Schumiatcher, [1962] S.C.R. 38
Date:
1961-09-27
In Re Morris C. Shumiatcher
1961: September 18, 26, 27.
Present: Judson J. in Chambers.
Criminal law—Habeas corpus—Counselling to commit perjury
before Registrar of Saskatchewan Securities Commission—Whether examination by
Registrar a judicial proceeding—Registrar's power to examine on oath— Solemn
declaration—Perjury—Powers of Court on habeas corpus—The Securities Act, 1954
(Sask.), c. 89, s. 13—The Saskatchewan Evidence Act, R.S.S. 1953, c. 73, s.
41—Criminal Code, 1953–54 (Can.), c. 61, ss. 22, 112, 114.
The petitioner, a barrister and solicitor, was committed for
trial in Saskatchewan on an indictment of ten charges. Seven charges were that
the petitioner counselled seven named individuals to commit perjury in their
examination before the Registrar of the Saskatchewan Securities Commission held
pursuant to s. 13 of The Securities Act, 1954 (Sask.), and thereby
became a party to the said perjury by reason of s. 22(1) of the Criminal
Code. The other charges were that he counselled and procured one L to make
a false declaration on oath before an authorized person and thereby became a
party to an offence under s. 114 of the Criminal Code. The plaintiff
applied to the Supreme Court of Canada for a writ of habeas corpus on
two grounds: (1) that there was no offence at law shown in the first seven
charges because the examination of the individuals before the Registrar was not
a judicial proceeding within the meaning of s. 112 of the Criminal Code; and
(2) that L was not a person permitted, authorized or required by law to make
the said declaration within the meaning of s. 114 of the Criminal Code, and
that there existed no authorization at law for the taking or receiving of these
solemn declarations.
Held: The application was dismissed.
Under s. 13 of The Securities Act, 1954, the Registrar
had by law authority to examine under oath. He also had the power to administer
the oath if not under that section then under s. 41 of The Saskatchewan
Evidence Act. Consequently, counts one to seven disclosed offences known to
the law and for which the accused was properly committed for trial.

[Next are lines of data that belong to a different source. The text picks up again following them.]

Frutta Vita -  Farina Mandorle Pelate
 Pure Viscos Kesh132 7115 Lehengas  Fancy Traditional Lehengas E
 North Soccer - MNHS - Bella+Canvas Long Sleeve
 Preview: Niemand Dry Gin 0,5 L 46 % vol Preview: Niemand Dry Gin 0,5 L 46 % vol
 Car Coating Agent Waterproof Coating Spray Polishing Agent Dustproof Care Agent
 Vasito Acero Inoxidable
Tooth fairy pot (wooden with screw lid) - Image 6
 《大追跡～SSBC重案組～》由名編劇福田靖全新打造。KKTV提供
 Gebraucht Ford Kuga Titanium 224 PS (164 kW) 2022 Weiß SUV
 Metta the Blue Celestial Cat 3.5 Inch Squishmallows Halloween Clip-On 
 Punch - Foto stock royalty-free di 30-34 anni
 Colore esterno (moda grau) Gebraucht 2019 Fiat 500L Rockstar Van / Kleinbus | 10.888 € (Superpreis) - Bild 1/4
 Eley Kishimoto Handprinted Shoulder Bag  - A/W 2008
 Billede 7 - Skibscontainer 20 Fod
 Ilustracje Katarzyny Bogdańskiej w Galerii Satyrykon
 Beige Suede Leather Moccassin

The jurisdiction of this Court in a writ of habeas corpus was
limited to a consideration of the warrant of committal and other germane order,
and if they were regular on their face, that was the end of the matter. The
Court in such a writ has no more power to look at the solemn declarations
alleged to have been made than it has to look at the evidence given on a
preliminary hearing. No distinction can be drawn between a warrant of committal
before and one after conviction.
APPLICATION before Judson J. in chambers for a writ of habeas
corpus. Application dismissed.
A. W. Embury, Q.C., and P. H. Gordon, Q.C.,
for the petitioner.
N. L. Mathews, Q.C., and J. P.
Nelligan, contra.
[Page 39]
The following judgment was delivered
Judson J.
(orally):—This is an application for habeas corpus. Before I can deal
intelligibly with the issues raised on the application, I think I should set
out in chronological order the steps that have been taken in this prosecution
before the application was launched.
The accused came before the magistrate on a summons
containing eleven charges on which the magistrate conducted a preliminary
hearing lasting seven days. He committed the accused for trial on all charges
except number nine, in which he made an amendment to reduce it to
"counselling, procuring or inciting the commission of an offence"
which was not committed, under s. 407(a) of the Criminal Code.
I should say at this point that the magistrate on that date,
that is, the 30th November 1960, signed no warrant of committal. He admitted
the accused to bail immediately on his own recognizance.
On January 23, 1961, an indictment containing eleven counts
was preferred against the accused in the Court of Queen's Bench presided over
by Mr. Justice Disbery. Without analyzing the counts in the indictment in
detail, it is accurate, I think, to say that they are substantially in the same
form as the charges contained in the summons before the magistrate, as amended.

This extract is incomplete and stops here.